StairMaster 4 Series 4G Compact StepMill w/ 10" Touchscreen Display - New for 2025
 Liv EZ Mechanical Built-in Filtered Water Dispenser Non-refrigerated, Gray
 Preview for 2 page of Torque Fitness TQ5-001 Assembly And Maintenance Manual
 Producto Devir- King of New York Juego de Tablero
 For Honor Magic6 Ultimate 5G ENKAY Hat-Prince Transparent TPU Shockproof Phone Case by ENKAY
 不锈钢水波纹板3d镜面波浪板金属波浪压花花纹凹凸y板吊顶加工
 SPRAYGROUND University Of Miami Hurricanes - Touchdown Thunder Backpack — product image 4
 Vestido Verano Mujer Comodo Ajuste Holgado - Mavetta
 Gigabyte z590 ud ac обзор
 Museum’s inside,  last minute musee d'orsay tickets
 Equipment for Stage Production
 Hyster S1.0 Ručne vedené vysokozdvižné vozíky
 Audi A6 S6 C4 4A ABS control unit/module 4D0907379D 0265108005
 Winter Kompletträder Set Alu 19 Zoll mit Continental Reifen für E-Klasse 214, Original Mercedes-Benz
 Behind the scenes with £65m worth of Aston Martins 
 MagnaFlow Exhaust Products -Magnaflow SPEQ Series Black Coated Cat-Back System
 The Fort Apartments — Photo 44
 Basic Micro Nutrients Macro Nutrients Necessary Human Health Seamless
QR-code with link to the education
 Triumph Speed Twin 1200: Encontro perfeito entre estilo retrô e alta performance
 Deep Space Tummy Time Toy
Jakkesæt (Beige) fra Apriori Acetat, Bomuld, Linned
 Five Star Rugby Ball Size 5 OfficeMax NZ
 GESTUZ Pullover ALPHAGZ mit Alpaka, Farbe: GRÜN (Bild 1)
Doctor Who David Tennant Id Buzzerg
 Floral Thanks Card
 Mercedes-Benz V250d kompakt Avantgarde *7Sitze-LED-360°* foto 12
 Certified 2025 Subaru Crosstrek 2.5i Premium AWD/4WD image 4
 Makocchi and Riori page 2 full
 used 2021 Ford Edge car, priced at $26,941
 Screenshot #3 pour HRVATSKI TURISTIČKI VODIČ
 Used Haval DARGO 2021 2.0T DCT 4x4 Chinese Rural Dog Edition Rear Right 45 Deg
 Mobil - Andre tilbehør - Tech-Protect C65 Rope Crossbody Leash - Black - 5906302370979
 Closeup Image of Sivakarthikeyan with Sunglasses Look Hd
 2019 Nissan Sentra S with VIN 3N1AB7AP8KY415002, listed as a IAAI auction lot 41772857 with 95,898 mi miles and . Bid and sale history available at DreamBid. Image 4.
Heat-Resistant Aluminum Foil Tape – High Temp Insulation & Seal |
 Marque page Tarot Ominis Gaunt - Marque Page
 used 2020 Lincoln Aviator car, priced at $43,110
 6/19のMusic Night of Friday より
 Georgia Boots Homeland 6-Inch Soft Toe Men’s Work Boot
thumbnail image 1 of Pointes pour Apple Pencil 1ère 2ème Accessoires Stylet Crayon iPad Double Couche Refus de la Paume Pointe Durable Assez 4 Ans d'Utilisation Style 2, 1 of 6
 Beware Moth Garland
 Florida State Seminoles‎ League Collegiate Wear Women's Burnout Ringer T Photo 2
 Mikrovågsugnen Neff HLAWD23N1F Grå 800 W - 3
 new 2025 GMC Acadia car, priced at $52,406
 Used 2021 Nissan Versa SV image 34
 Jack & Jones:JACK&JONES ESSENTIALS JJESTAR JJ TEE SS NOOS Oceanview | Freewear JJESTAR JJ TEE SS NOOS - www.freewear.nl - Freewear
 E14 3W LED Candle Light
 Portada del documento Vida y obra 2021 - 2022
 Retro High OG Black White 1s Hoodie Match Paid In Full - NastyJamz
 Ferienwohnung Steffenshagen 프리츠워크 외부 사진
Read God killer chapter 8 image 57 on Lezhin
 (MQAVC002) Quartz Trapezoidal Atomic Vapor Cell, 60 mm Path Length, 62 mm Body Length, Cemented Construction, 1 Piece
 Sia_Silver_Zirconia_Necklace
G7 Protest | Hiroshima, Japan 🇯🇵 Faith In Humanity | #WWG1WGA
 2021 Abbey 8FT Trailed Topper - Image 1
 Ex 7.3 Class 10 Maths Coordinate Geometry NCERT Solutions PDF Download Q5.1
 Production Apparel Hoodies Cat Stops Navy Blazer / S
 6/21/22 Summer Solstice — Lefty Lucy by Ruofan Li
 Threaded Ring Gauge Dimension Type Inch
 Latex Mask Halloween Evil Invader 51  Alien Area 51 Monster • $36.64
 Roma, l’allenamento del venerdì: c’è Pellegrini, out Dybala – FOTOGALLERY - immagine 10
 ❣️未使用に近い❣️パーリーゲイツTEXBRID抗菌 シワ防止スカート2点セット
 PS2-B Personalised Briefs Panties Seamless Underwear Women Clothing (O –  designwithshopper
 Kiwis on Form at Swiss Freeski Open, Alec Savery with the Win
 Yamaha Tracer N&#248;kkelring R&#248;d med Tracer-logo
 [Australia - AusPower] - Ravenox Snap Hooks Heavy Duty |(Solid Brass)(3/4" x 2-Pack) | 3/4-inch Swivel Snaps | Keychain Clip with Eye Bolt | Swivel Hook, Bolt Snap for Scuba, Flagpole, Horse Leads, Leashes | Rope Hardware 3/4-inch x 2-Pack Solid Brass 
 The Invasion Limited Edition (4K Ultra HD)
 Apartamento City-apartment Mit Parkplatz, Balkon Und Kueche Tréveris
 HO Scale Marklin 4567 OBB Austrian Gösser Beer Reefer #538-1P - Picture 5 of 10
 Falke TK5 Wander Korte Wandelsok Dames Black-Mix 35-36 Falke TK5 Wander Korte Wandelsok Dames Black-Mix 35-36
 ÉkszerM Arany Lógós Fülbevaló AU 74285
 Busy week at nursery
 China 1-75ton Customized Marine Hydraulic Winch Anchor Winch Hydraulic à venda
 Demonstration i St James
----
What you will do: Above this task is a listing. Restate, word for word and with nothing added, the lines from the one with "Ferienwohnung Steffenshagen 프리츠워크 외부 사진" through the one with "Ex 7.3 Class".

Response:
 Ferienwohnung Steffenshagen 프리츠워크 외부 사진
Read God killer chapter 8 image 57 on Lezhin
 (MQAVC002) Quartz Trapezoidal Atomic Vapor Cell, 60 mm Path Length, 62 mm Body Length, Cemented Construction, 1 Piece
 Sia_Silver_Zirconia_Necklace
G7 Protest | Hiroshima, Japan 🇯🇵 Faith In Humanity | #WWG1WGA
 2021 Abbey 8FT Trailed Topper - Image 1
 Ex 7.3 Class 10 Maths Coordinate Geometry NCERT Solutions PDF Download Q5.1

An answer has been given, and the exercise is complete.